I have a large number of xml files to parse that contain unclosed tags wrapped in closed tags. Something like below:
<submission>
<first-name>Henry
<last-name>Donald
<id>4224
</submission>
I set decoder.Strict = false but it is still unable to parse the entire xml file properly.
type Submission struct {
FirstName string `xml:"first-name"`
LastName string `xml:"last-name"`
ID string `xml:"id"`
}
func main() {
dec := xml.NewDecoder(bytes.NewReader([]byte(sub)))
dec.Strict = false
dec.AutoClose = xml.HTMLAutoClose
dec.Entity = xml.HTMLEntity
var s Submission
err := dec.Decode(&s)
if err != nil {
fmt.Println(err)
}
fmt.Println(s)
}
Playground: https://play.golang.org/p/-_chEpDhzX
I know there is a html tokenizer that I may try using but I would prefer to use the XML package as the majority of the files are properly formatted.

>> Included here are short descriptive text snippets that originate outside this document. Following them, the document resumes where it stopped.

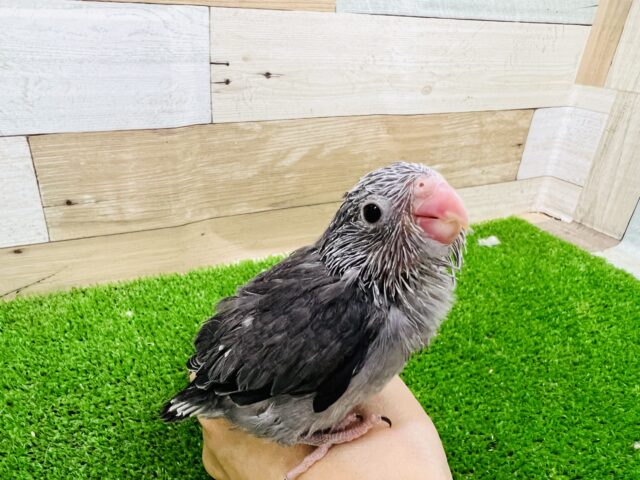 カッコ可愛い♡マメルリハのブラックモーブ！男の子〜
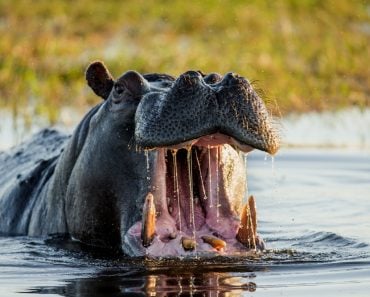 Hippo,Open,His,Mouth,In,The,Pond.,An,Excellent,Illustration.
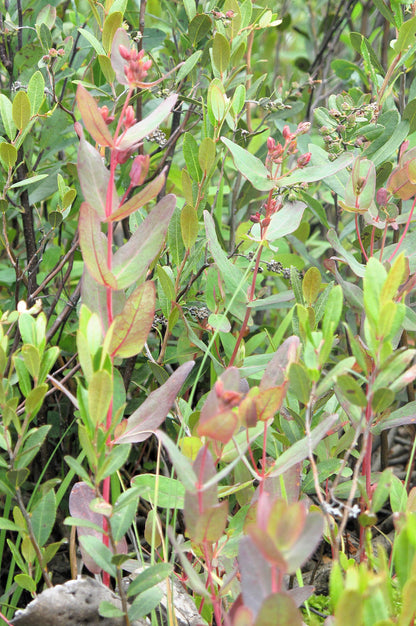 50 Marsh SAINT JOHN'S WORT Hypericum Virginicum Pink Mauve Flower Seeds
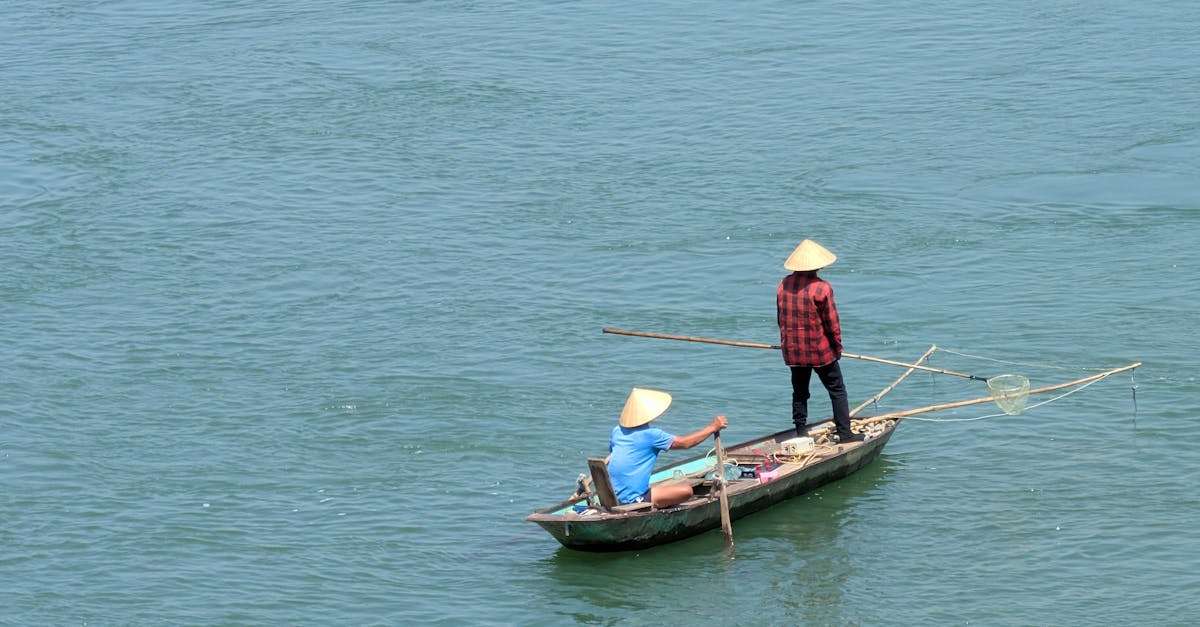 découvrez l'excitation de la pêche en été avec nos conseils pratiques, les meilleurs spots, et les techniques pour attraper vos poissons préférés. profitez de la nature et vivez des moments inoubliables au bord de l'eau pendant la belle saison.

No ways around it. You need your own decoder: http://play.golang.org/p/Kr7nq64f-c
Below worked for me, which is probably only ideal if you know the problematic tags. Although, strangely it doesn't work if I also add first-name.
dec.AutoClose = append(dec.AutoClose, "last-name")
dec.AutoClose = append(dec.AutoClose, "id")